Acabamos de presenciar, em março passado, a inclusão do “direito ao aborto” na Constituição Francesa, em nome da liberdade, da igualdade e da fraternidade. Na verdade, esses ideais da revolução sempre foram discutíveis, pois a fase do Terror que se seguiu à Convenção desmentiu esse mesmo ideário, na prática, com o derramamento de sangue de milhares de pessoas na guilhotina, até mesmo dos líderes da revoulução, sem direito à defesa ou a recurso.
Com a referida decisão do Parlamento Francês deste ano, ficou mais patente que a revolução deixou cicatrizes profundas e sangrentas na história francesa. Esse chamado “direito”, que é na verdade um contra-direito, pois institucionaliza o homicídio de crianças inocentes, contraria todos os princípios de humanidade dos povos civilizados e os direitos humanos consagrados nas declarações e tratados internacionais sobre o tema.
Em primeiro lugar, o direito à vida, à integridade corporal das crianças e o dever de proteção dos pais, consagrados, especificamente, na Declaração dos Direitos das Crianças e da respectiva Convenção1. Essa falta de reconhecimento dos nascituros como pessoas torna-os seres invisíveis do ponto de vista jurídico, sendo certo que qualquer mulher grávida pode ver o seu filho ainda na barriga, por um procedimento de exame médico muito comum em nossos dias, o que causa o maior espanto. Essa invisibilidade jurídica, inserida na Constituição Francesa, é uma das notas de decadência civilizacional, uma triste história que se repete na Europa, depois do holocausto.

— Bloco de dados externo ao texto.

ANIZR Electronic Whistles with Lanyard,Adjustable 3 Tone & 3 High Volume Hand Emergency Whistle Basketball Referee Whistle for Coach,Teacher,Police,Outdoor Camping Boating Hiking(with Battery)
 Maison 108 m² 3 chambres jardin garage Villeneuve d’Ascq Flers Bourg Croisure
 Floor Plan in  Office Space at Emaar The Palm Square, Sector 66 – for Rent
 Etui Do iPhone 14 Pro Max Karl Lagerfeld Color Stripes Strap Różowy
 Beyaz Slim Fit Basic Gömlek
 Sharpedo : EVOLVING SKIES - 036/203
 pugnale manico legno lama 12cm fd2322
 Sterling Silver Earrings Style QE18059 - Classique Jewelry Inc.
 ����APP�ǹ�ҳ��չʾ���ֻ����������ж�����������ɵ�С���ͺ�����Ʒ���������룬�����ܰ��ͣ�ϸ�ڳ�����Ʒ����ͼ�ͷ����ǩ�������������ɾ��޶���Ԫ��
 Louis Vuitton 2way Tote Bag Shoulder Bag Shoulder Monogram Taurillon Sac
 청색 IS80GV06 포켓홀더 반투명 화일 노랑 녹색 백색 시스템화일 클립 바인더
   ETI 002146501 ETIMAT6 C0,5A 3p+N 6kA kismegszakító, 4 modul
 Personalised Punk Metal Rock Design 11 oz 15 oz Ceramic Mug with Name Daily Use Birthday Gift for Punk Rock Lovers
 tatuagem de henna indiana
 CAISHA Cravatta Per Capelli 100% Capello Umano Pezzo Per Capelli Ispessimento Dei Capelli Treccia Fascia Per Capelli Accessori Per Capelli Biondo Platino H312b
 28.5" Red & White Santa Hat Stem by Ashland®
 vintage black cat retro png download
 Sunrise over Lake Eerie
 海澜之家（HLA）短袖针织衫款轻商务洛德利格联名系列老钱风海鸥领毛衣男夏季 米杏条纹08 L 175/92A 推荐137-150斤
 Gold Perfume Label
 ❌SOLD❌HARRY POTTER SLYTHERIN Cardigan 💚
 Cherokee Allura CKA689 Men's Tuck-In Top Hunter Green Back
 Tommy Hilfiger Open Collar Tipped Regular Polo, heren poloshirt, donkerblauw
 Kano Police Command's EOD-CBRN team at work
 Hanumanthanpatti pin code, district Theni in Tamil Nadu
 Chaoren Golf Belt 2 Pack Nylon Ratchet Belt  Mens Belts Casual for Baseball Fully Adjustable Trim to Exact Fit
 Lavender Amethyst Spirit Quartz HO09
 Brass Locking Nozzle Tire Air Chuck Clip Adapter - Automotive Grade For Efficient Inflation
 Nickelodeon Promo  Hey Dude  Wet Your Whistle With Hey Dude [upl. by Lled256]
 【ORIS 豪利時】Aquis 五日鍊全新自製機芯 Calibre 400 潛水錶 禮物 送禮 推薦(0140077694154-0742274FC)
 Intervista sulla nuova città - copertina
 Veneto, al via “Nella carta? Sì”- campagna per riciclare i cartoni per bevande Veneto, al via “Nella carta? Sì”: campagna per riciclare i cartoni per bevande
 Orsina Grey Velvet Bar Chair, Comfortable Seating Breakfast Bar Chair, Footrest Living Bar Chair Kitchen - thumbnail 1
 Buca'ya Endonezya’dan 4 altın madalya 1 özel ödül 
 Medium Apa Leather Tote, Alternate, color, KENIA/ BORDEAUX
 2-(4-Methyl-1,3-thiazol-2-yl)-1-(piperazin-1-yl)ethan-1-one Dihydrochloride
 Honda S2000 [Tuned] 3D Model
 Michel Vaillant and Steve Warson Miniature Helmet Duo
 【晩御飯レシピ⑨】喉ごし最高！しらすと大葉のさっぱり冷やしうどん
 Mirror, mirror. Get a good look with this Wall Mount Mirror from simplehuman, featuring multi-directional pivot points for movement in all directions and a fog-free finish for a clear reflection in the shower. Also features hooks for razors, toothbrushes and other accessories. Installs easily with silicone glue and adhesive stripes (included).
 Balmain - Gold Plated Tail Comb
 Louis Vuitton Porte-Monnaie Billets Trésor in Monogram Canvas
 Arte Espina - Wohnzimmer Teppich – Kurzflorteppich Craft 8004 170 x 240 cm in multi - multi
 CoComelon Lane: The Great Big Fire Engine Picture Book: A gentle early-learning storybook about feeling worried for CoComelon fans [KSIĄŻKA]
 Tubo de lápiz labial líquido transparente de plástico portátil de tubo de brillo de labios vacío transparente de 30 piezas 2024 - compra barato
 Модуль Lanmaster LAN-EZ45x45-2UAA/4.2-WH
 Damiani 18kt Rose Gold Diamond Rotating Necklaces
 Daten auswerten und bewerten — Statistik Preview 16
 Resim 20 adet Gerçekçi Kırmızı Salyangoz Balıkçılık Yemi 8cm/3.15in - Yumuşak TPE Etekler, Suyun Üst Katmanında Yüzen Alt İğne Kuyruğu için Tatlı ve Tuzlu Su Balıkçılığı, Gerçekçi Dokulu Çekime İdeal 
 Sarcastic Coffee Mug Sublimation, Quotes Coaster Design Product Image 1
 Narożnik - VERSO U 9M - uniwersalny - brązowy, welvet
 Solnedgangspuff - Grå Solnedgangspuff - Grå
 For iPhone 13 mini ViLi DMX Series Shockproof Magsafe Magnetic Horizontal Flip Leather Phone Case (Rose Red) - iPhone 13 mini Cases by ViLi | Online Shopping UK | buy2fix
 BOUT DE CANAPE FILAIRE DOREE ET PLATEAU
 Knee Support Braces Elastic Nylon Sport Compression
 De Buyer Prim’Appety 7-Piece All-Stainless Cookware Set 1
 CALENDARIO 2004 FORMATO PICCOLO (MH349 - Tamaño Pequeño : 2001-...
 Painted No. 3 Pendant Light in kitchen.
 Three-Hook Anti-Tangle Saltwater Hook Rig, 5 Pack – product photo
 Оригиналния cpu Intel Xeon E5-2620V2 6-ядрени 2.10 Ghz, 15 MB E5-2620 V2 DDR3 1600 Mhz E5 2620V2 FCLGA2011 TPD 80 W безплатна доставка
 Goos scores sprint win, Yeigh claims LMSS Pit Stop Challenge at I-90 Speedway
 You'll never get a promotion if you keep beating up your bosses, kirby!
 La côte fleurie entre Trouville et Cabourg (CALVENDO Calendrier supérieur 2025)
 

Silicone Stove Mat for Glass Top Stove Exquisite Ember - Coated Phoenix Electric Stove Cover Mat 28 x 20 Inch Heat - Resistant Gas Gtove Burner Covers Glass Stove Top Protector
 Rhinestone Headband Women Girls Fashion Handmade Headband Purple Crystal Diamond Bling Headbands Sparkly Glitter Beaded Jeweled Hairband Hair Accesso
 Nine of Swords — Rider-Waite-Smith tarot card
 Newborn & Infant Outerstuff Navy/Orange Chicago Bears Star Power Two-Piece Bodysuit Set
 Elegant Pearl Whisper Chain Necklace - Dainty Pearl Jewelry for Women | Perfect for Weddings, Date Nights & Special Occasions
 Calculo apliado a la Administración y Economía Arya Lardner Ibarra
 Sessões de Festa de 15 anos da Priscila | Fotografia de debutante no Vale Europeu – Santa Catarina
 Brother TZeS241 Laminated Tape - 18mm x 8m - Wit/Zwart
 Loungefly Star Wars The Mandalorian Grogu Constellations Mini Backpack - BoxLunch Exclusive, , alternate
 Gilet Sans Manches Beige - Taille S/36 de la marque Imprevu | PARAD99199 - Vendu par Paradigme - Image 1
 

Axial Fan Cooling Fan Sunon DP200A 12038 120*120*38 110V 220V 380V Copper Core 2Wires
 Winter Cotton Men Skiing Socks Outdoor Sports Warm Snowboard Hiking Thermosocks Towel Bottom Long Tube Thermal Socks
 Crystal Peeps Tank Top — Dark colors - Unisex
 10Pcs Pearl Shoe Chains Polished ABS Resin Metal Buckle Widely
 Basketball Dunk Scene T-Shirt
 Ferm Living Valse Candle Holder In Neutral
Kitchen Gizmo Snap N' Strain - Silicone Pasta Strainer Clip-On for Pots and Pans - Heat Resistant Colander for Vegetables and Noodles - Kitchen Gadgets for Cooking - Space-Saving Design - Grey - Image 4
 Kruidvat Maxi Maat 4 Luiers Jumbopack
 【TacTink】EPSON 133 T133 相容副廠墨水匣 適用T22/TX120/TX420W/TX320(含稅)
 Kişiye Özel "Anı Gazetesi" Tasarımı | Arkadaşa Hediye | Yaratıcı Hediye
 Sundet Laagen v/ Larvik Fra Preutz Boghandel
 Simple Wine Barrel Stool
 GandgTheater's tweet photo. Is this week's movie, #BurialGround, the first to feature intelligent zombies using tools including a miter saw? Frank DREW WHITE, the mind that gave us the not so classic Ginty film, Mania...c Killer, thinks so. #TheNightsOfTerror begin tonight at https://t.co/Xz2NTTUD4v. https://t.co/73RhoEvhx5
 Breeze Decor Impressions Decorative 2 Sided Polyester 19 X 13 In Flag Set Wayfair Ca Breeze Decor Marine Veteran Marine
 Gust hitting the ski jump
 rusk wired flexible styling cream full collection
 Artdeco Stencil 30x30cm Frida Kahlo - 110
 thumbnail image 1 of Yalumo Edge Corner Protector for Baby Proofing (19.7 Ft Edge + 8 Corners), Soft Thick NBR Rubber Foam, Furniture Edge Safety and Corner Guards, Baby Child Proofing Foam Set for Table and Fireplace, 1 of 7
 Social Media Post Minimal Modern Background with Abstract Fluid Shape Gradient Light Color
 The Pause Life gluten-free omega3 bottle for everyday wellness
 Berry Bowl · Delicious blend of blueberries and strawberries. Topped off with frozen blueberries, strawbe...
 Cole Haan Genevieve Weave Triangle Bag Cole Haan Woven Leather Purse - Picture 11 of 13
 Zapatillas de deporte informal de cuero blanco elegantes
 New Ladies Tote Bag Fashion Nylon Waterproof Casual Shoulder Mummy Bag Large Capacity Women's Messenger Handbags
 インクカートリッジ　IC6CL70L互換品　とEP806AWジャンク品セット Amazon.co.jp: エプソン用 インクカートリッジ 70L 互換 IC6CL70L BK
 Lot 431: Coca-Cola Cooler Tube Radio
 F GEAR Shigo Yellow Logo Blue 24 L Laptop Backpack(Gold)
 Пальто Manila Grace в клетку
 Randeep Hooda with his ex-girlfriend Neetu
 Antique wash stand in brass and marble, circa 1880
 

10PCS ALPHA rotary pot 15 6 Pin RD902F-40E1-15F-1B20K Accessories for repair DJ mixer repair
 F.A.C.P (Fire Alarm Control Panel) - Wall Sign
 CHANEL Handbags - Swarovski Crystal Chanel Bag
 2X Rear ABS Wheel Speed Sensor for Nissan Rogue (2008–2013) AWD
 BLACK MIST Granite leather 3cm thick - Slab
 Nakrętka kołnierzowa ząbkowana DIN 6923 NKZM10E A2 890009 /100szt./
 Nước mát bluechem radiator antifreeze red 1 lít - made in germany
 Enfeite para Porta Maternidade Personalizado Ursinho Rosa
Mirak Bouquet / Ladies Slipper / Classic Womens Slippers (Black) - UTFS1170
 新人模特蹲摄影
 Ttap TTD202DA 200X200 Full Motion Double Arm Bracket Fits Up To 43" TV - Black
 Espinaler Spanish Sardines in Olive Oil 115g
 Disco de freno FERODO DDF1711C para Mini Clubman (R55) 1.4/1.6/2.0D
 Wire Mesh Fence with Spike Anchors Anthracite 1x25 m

Não há dúvida quanto à humanidade do embriões, eis que são seres humanos, crianças, em desenvolvimento embrionário e fetal, como confirmado pela embriologia há décadas. Após a fecundação, ou seja, a junção dos 23 cromossos masculinos aos 23 cromossomos femininos, forma-se um novo ser humano, com identidade genética única e irrepetível, que se desenvolverá de forma contínua, coordenada e gradual2.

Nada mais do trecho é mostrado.